- Ex-tech exec laundered ¥140M using fake invoices, offshore crypto exchanges, and coin mixing to obscure transaction trails.
- Despite using coin mixers, authorities traced and seized over 90 Bitcoin via advanced blockchain analytics and forensic tools.
- China plans to liquidate seized crypto via Hong Kong exchanges, revealing gaps in oversight amid rising crypto-driven fraud.
A complex crypto laundering operation has been exposed in China, involving millions in stolen corporate funds and offshore digital asset exchanges.

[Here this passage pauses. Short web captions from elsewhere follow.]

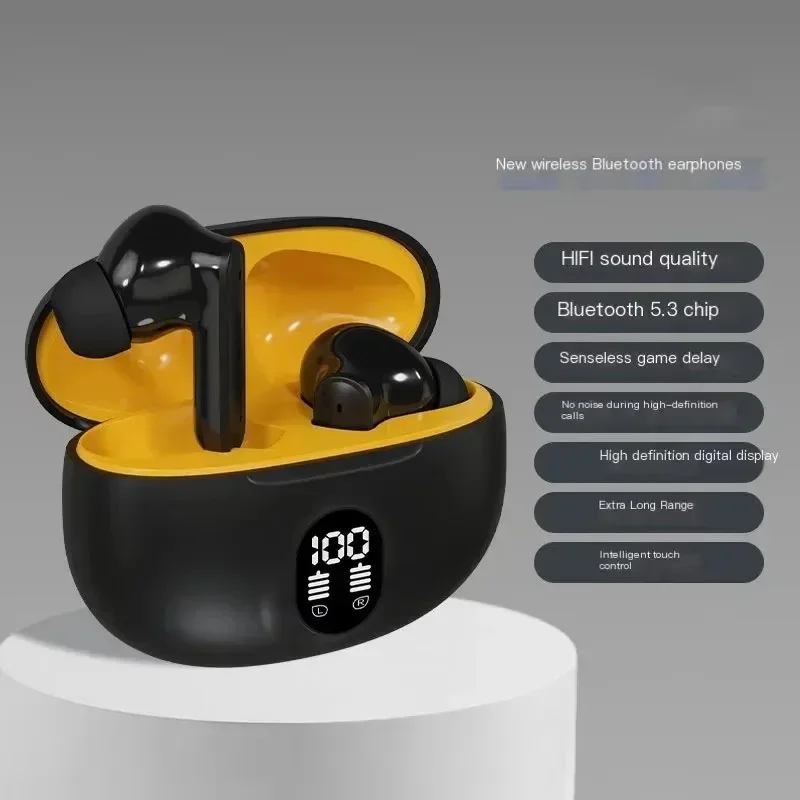 Wireless Bluetooth headphones with active noise reduction for gaming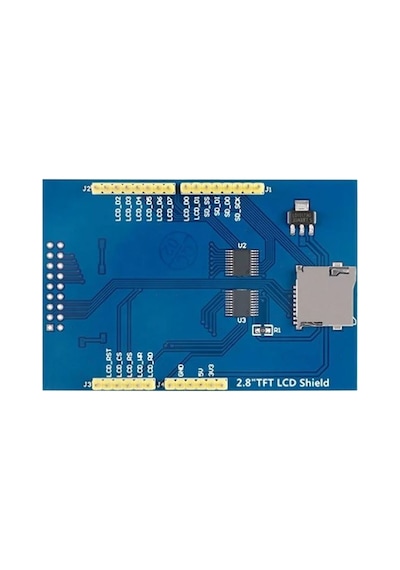 2.8 İnç Dokunmatik Tft Lcd Shield 240x320 Ekran Modülü Sd Kartlı Dokunmatik Kalemli Proje Geliştirme Kartı Arduino Uyuml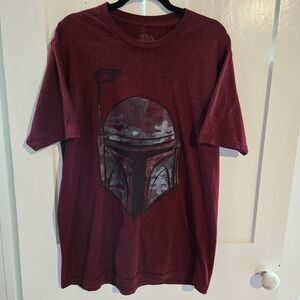 Star Wars‎ Men's Boba Fett Burgundy Short Sleeve T-Shirt Size XL Extra Large Tee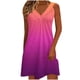 thumbnail image 1 of Vestido Largo de Manga Larga para las Mujeres Cuello en V Plisado Impresión sin Posicionamiento con Tela Elástica, Vestido Casual de Cintura Elástica para Uso Diario Y de Playa, 1 of 7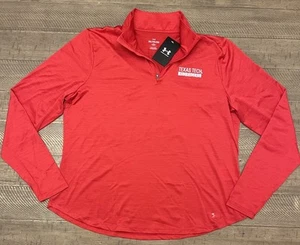 NWT - Women’s Under Armour Texas Tech University Raiders 1/4 Zip Pullover Sz XXL - Picture 1 of 10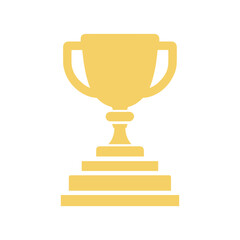 trophy icon in trendy flat style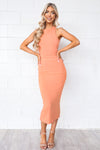 Cheyenne Midi Dress - Peach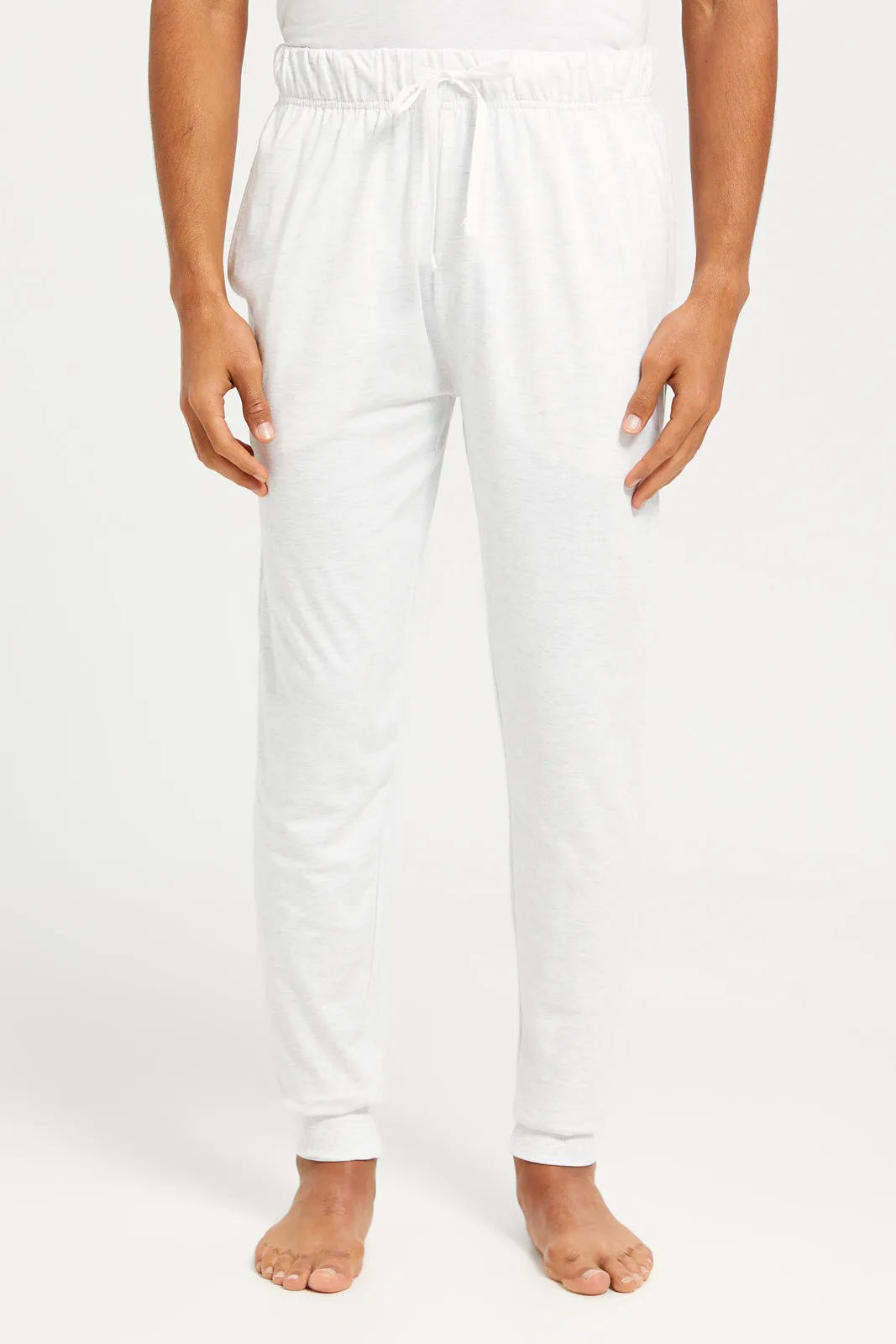 Men Ecru Pyjama Set (2 Piece) sold by Redtag product image thumbnail 3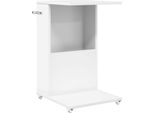 Syfax™ Tavolo Laterale Bianco 40 X 35 X 60 Cm Legno Multistrato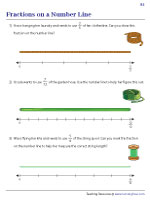 Plotting Fractions on Number Lines | Word Problems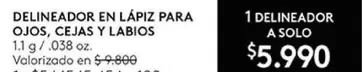 Delineador En Lapiz Para Ojos, Cejas Y Labios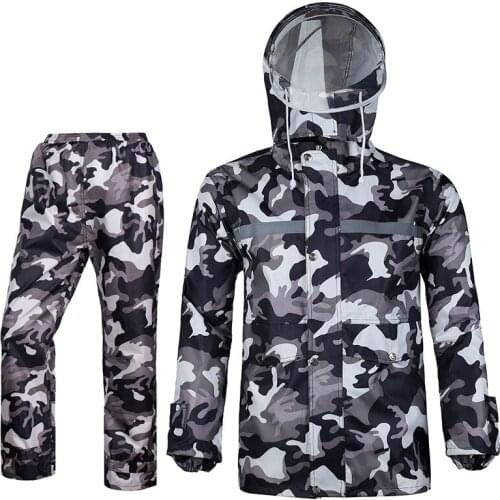 Professional Adult Rain Coat Outdoor Thicker Heavy Water Gear Raincoat Fashionable Sportswear Waterproof Rainsuit Rain Gear DK50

Prosecutors in Beijing cracked down on a ring led by a former tech executive surnamed Feng, who diverted ¥140 million (about $19.5 million) from his employer.
The embezzled funds were laundered using overseas crypto platforms and coin mixing services, revealing vulnerabilities in enterprise oversight and digital asset traceability.

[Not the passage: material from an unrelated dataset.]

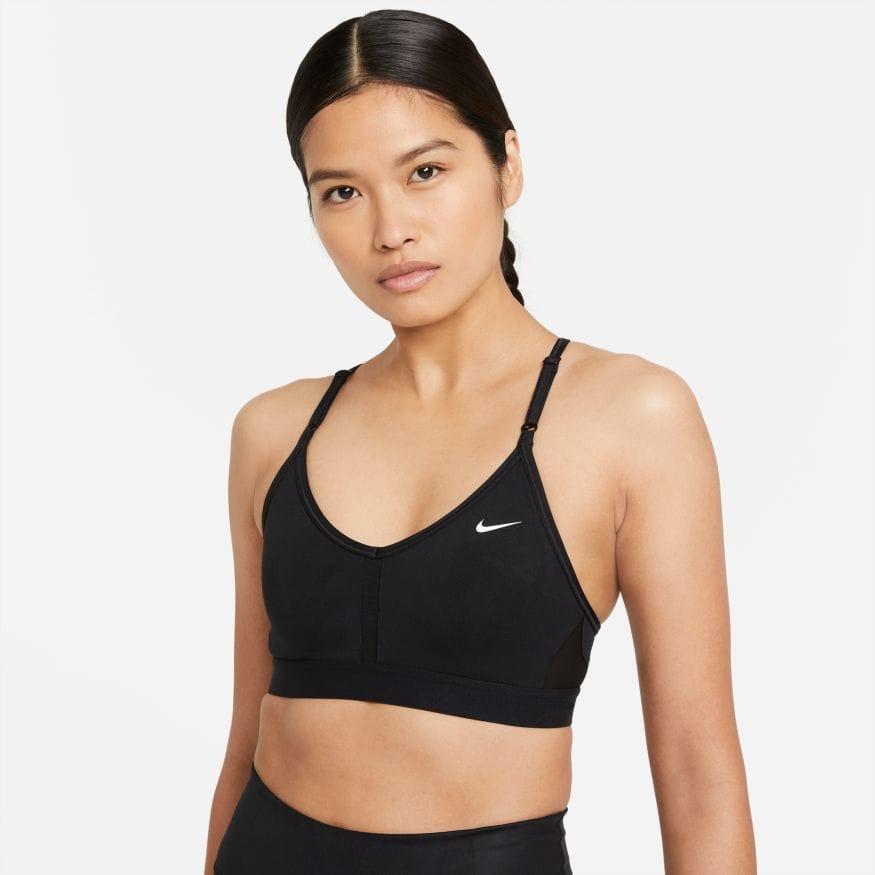 Image of W Nk Df Indy V-neck Bra-xs Damen Schwarz XS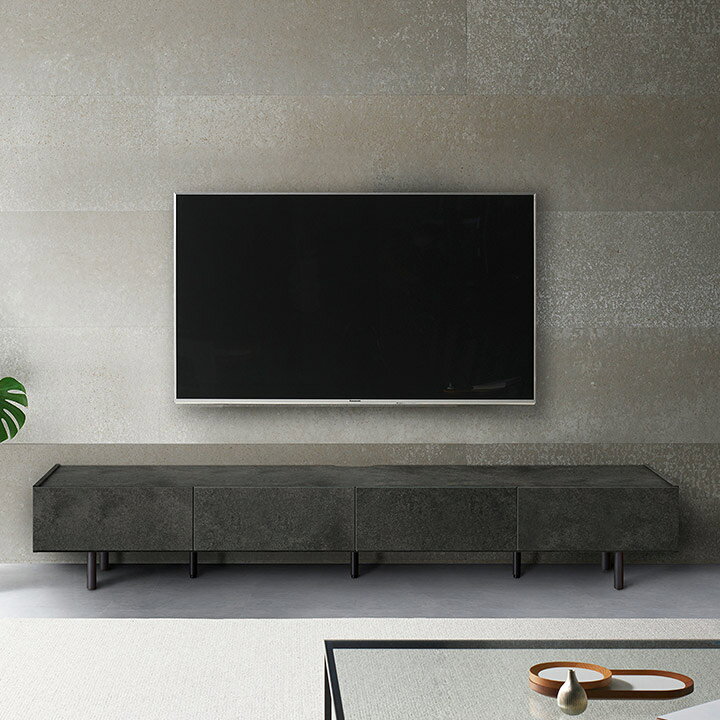 楽天市場】【Web限定】 パモウナ テレビ台 幅240cm セラミック柄 石目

Executive Exploits Loopholes and Weak Oversight in Payout System
Feng, who approved incentive payouts at a short video tech firm, reportedly exploited his position to authorize fake invoices. Prosecutors said he collaborated with external vendors to reroute funds into personal accounts. These funds were then moved to eight overseas crypto exchanges, where they were converted into Bitcoin and other digital currencies.
Notably, authorities traced how Feng later converted some of the digital assets back into yuan and transferred them into mainland accounts. These transfers, according to the Beijing Haidian People’s Procuratorate, involved coin mixing strategies that complicated tracking efforts.
Coin Mixing Tools Fail to Conceal Full Transaction History
To disguise the stolen money’s origin, Feng and his team utilized coin mixing, a method that pools and redistributes assets to blur transaction histories. However, despite this technique, prosecutors succeeded in reconstructing the fund flow using advanced analytics.
According to Li Tao, a prosecutor in Haidian’s hi-tech crimes division, investigators followed the laundering chain step-by-step. They traced how the money was stolen, converted, mixed, and then re-entered the banking system.
Prosecutors eventually seized over 90 hidden Bitcoin, worth nearly $11 million, and secured Feng’s conviction, sentencing him to over 14 years in prison.
China Seizes and Liquidates Crypto, Despite Trading Ban
While crypto trading remains banned in mainland China, authorities continue to confiscate and liquidate assets via Hong Kong. Just last month, Beijing police outlined a new plan to sell seized tokens through licensed Hong Kong exchanges in partnership with the China Beijing Equity Exchange.
This follows previous seizures, including the Yancheng city case in 2020, where 195,000 Bitcoin from a Ponzi scheme were confiscated. The extent of crypto held by Chinese authorities remains unclear. Seven individuals were convicted alongside Feng.
Sentences ranged from three to over 14 years. The case, listed in a prosecutorial whitepaper covering 1,253 corruption cases in tech firms, identified trends in crypto-driven fraud. Prosecutors linked the surge in abuse to lax internal controls, especially in AI and e-commerce sectors.
Coordinated Forensics and Data Analytics
Using digital forensics and blockchain analytics tools developed by local firms like Beosin, Salus Security, and SlowMist, investigators were able to link overseas exchanges to local banks.
Dan Dadybayo of Unstoppable Wallet noted that pattern recognition, statistical clustering, and timing analysis supported the fund tracing. The Haidian People’s Procuratorate emphasized that such cases show emerging corruption trends in China’s tech sector, where crypto use is rising despite legal restrictions.